Distributed and networked computation is now the paradigm that underpins the software-enabled systems that are proliferating in the modern world, with huge impact in the economy and society, from the sensor and actuator networks that are now connecting cities, to cyberphysical systems, to patient-centred healthcare, to disaster-recovery systems.
This new Masters course will educate and train you in the fundamental principles, methods and techniques required for developing such systems. Given the number of elective modules offered, you will be able to acquire further skills in one or more of Cloud Computing, Data Analytics and Information Security.
Facilities include a laboratory where you can experiment with physical devices that can be interconnected in a network, and a cluster facility configured to run the Hadoop MapReduce stack.
A Year in Industry option is also available for this course.
See the website https://www.royalholloway.ac.uk/computerscience/coursefinder/msc-distributed-and-networked-systems.aspx
Why choose this course?
This course will develop a highly analytical approach to problem solving and a strong background in distributed and networked systems, fault-tolerance and data replication techniques, distributed coordination and time-synchronisation techniques (leader-election, consensus, and clock synchronisation), data communication protocols and software stacks for wireless, sensor, and ad hoc networking technologies in virtualisation, and cloud computing technologies.
The course develops an advanced understanding of principles of failure detection and monitoring, principles of scalable storage, and in particular NoSQL technology.

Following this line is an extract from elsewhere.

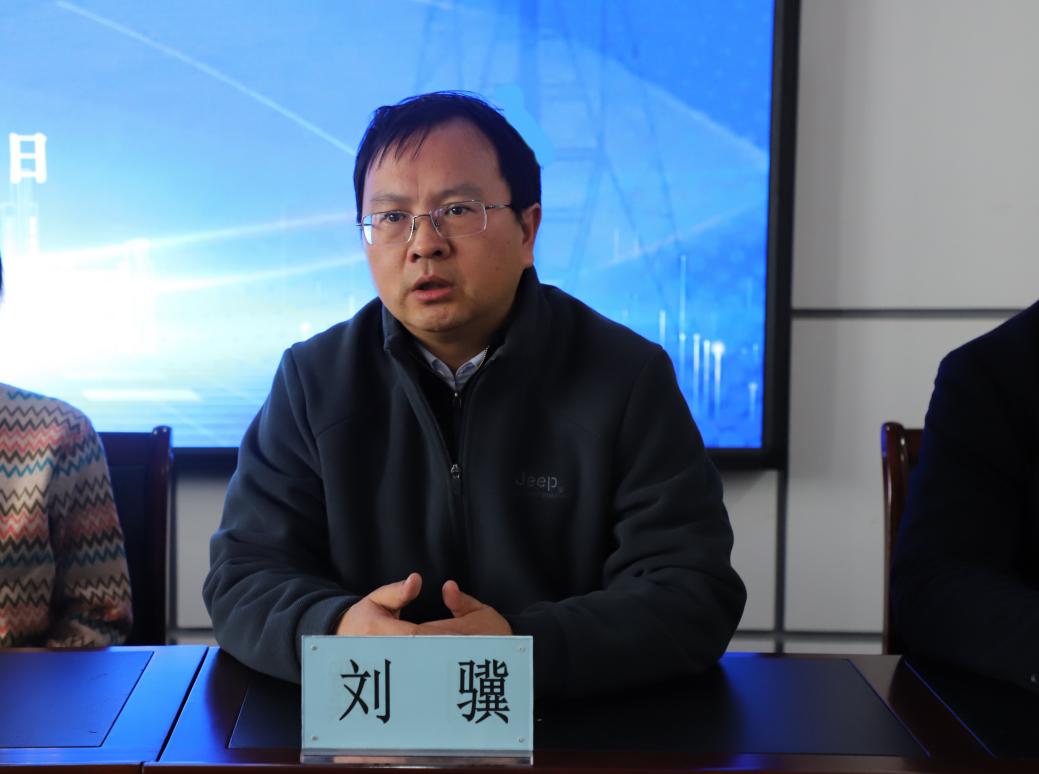 【迎评进行时】云顶国际8588yd召开青年教师公司产品能力提升座谈会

Students will acquire the ability to:
- apply well-founded principles to building reliable and scalable distributed systems
- analyse complex distributed systems in terms of their performance, reliability, and correctness
- design and implement middleware services for reliable communication in unreliable networks
- work with state-of-the-art wireless, sensor, and ad hoc networking technologies
- design and implement reliable data communication and storage solutions for wireless, sensor, and ad hoc networks
- detect sources of vulnerability in networks of connected devices and deploy the appropriate countermeasures to information security threats.

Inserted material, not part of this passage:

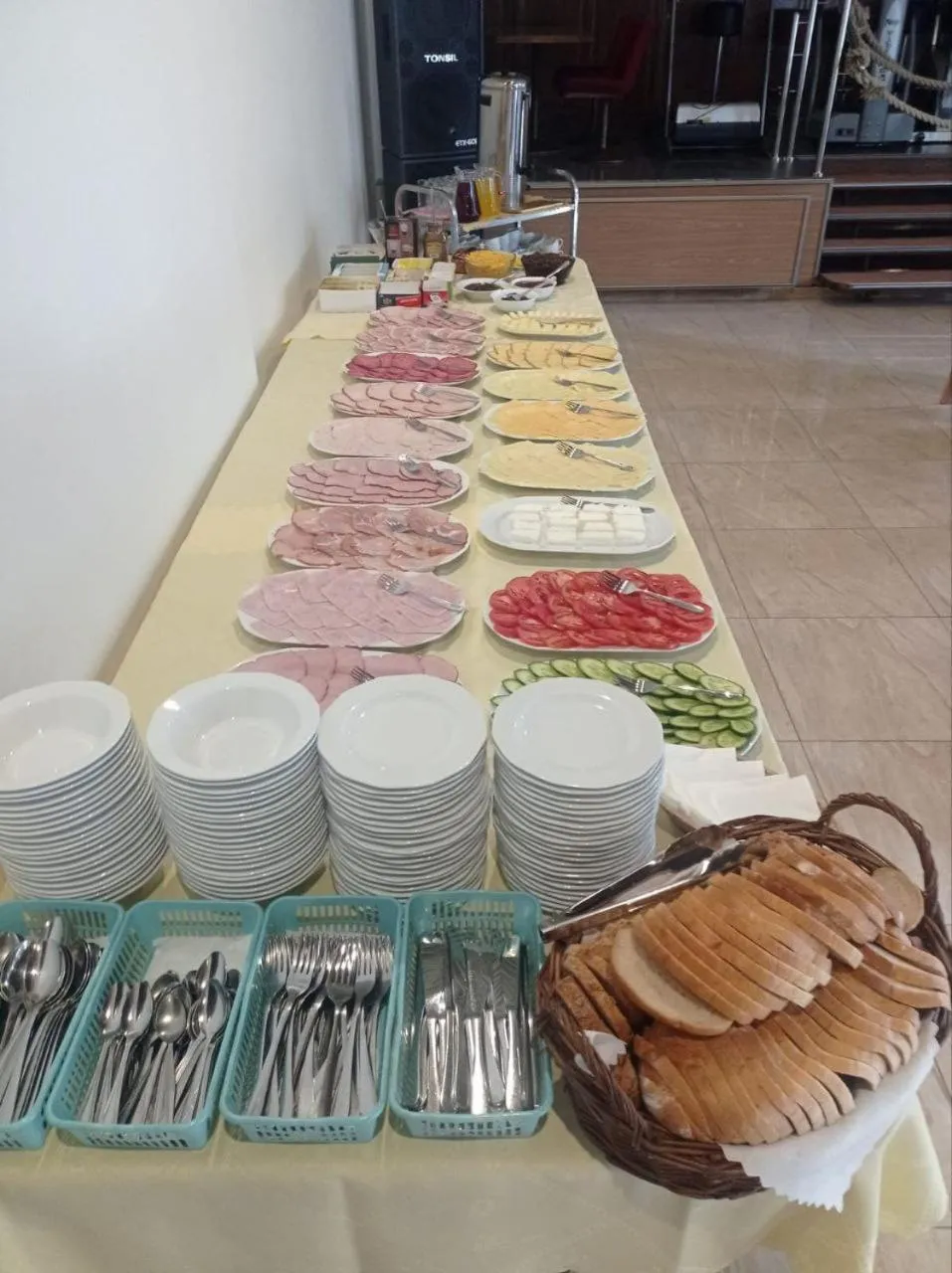 Breakfast in Titanic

- enforce privacy in “smart” environments
- work with open source and cloud tools for scalable data storage (DynamoDB) and coordination (Zookeeper)
- work with modern network management technologies (Software-Defined Networking) and standards (OpenFlow)
- design custom-built application-driven networking topologies using OpenFlow, and other modern tools
- work with relational databases (SQL), non-relational databases (MongoDb), as well as with Hadoop/Pig scripting and other big data manipulation techniques.
Department research and industry highlights
Royal Holloway is recognised for its research excellence in Machine Learning, Information Security, and Global Ubiquitous Computing.
We work closely with companies such as Centrica (British Gas, Hive), Cognizant, Orange Labs (UK), the UK Cards Association, Transport for London and ITSO.
We host a Smart Card Centre and we are a GCHQ Academic Centre of Excellence in Cyber Security Research (ACE-CSR).
Course content and structure
You will take taught modules during Term One (October to December) and Term Two (January to March). Examinations are held in May. If you are in the Year-in-Industry pathway, you then take an industrial placement, after which you come back for your project/dissertation (12 weeks).
Core course units are:
Advanced Distributed Systems
Wireless, Sensor and Actuator Networks
Elective course units are:
Computation with Data
Introduction to Information Security
Data Visualisation and Exploratory Analysis
Programming for Data Analysis
Advanced Data Communications
Concurrent and Parallel Programming
Large-Scale Data Storage and Programming
On-line Machine Learning
Smart Cards, RFIDs and Embedded Systems Security
Introduction to Cryptography
Assessment is carried out by a variety of methods including coursework, practical projects and a dissertation.
Employability & career opportunities
Our graduates are highly employable and, in recent years, have entered many different [department]-related areas, including This taught masters course equips postgraduate students with the subject knowledge and expertise required to pursue a successful career, or provides a solid foundation for continued PhD studies.
A minimum of a 2:1 UK honours degree or overseas equivalent in Computer Science, Engineering or other subjects that include a strong element of both mathematics and computing. Relevant professional qualifications and relevant experience in an associated area. IELTS score of 6.5 with 7 in writing for non-native English speaking applicants.